### WHAT YOU NEED TO DO:
Only the lines from the opening of the material through the line bearing "Resmi Menikah, Intip" should be reproduced, exactly and without pictures.

[Start of Attachment]

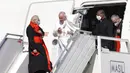 Paus Fransiskus berjalan menuruni tangga pesawat saat tiba di Bandara Internasional Baghdad, Irak, Jumat (5/3/2021). Paus Fransiskus datang ke Irak untuk mendesak umat Kristen tetap tinggal dan membantu membangun kembali Irak setelah bertahun-tahun perang. (AP Photo/Andrew Medichini)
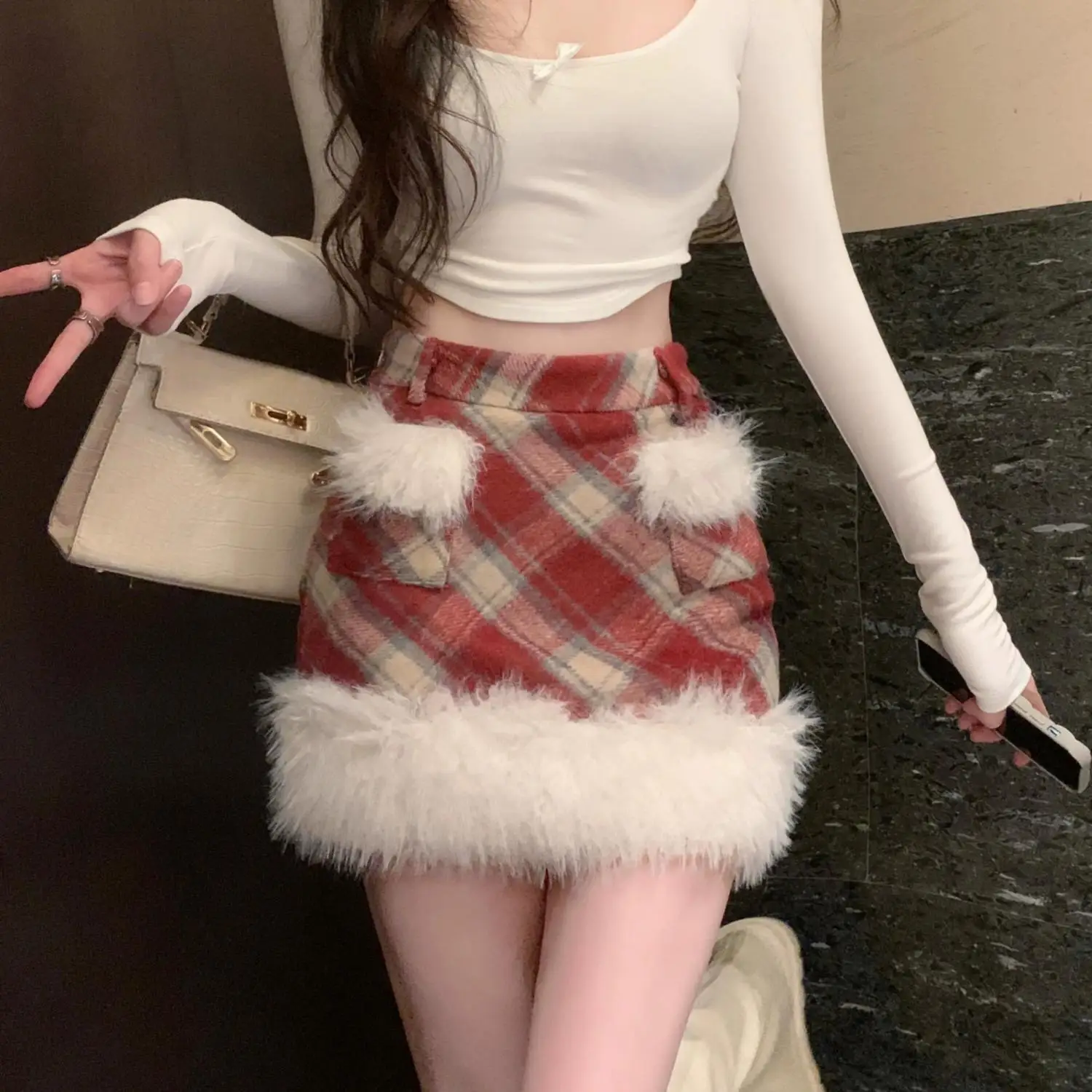 Retro Mini Skirt Plush Women Y2K Plaid Patchwork Faux Fur A-Line Skirt Streetwear Korean College Style High Waist Slim Skirt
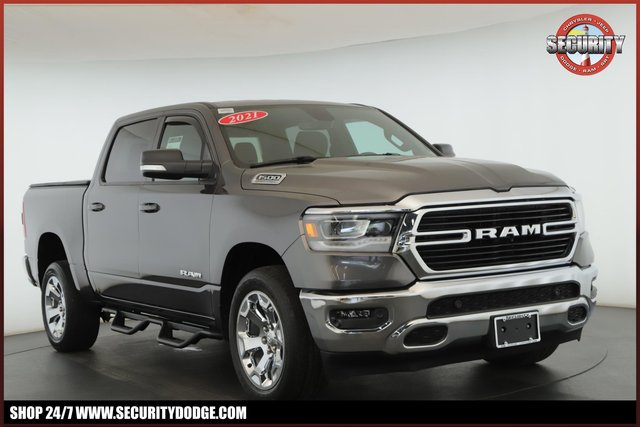 2021 Ram 1500 Big Horn 4x4 Crew Cab 5'7 Box
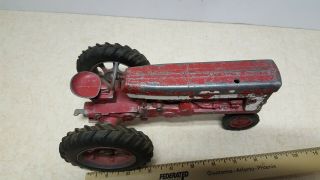 Toy Ertl or Eska Farmall 560 row crop tractor with out a fast hitch 6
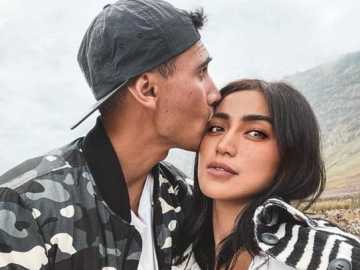 Resmi Menikah, Intip Momen Vincent Verhaag Nangis Haru Hingga Penampilan Jessica Iskandar Disorot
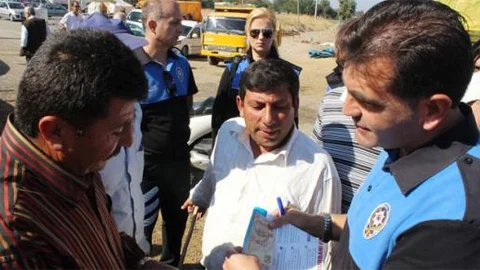 Kurban satıcılarından ilginç sahte para tepkisi!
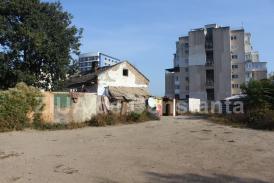 O familie a ocupat abuziv o locuinţă din Faleză Nord. Nouă copii, dintre care un nou-născut, trăiau în condiţii teribile (galerie foto + document)  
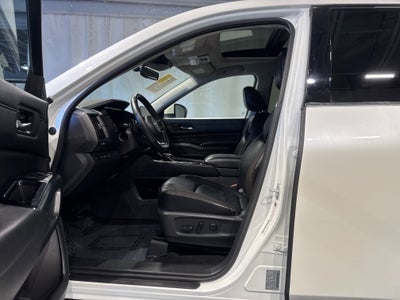 2023 Nissan Pathfinder SL W/Premium Package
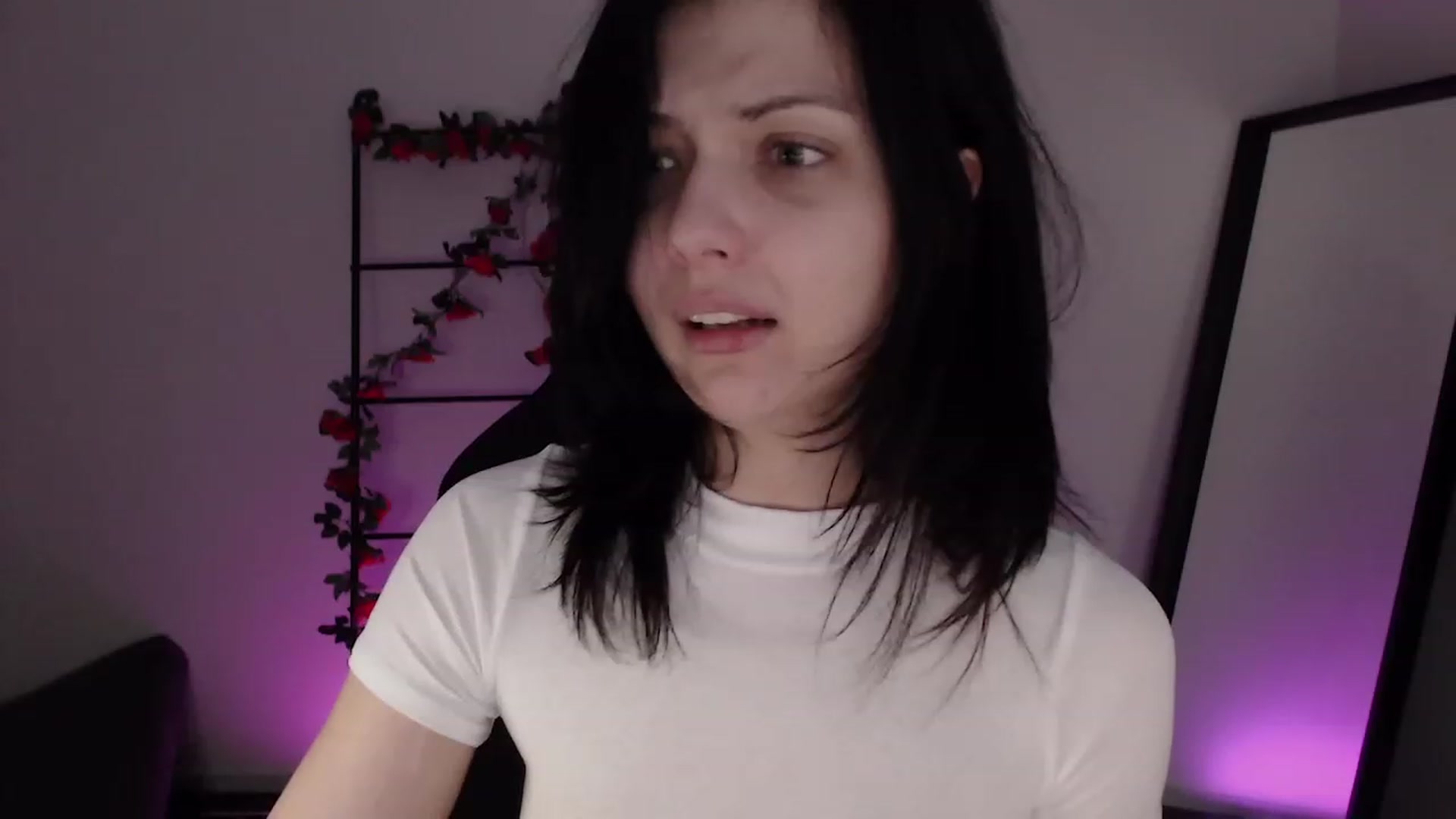 Gallery image thumbnail from RoomToAvoid's myfreecams stream on, 12/19/2022, 05:12 image 20 of 20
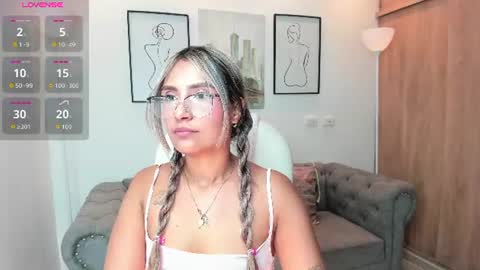 Snapshot of asura_love chatting on June 22, 2026, 6:05 pm asura_love online show from June 22, 2026, 6:05 pm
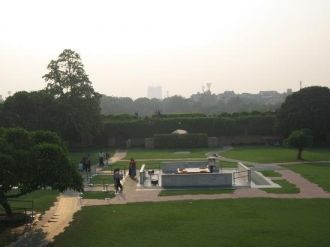 Мемориал Махатмы Ганди в Дели находится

[End of Attachment]

### COMPLETED TASK:
 Paus Fransiskus berjalan menuruni tangga pesawat saat tiba di Bandara Internasional Baghdad, Irak, Jumat (5/3/2021). Paus Fransiskus datang ke Irak untuk mendesak umat Kristen tetap tinggal dan membantu membangun kembali Irak setelah bertahun-tahun perang. (AP Photo/Andrew Medichini)
 Retro Mini Skirt Plush Women Y2K Plaid Patchwork Faux Fur A-Line Skirt Streetwear Korean College Style High Waist Slim Skirt
 2021 Ram 1500 Big Horn 4x4 Crew Cab 5'7 Box
 Toy Ertl or Eska Farmall 560 row crop tractor with out a fast hitch 6
 Resmi Menikah, Intip Momen Vincent Verhaag Nangis Haru Hingga Penampilan Jessica Iskandar Disorot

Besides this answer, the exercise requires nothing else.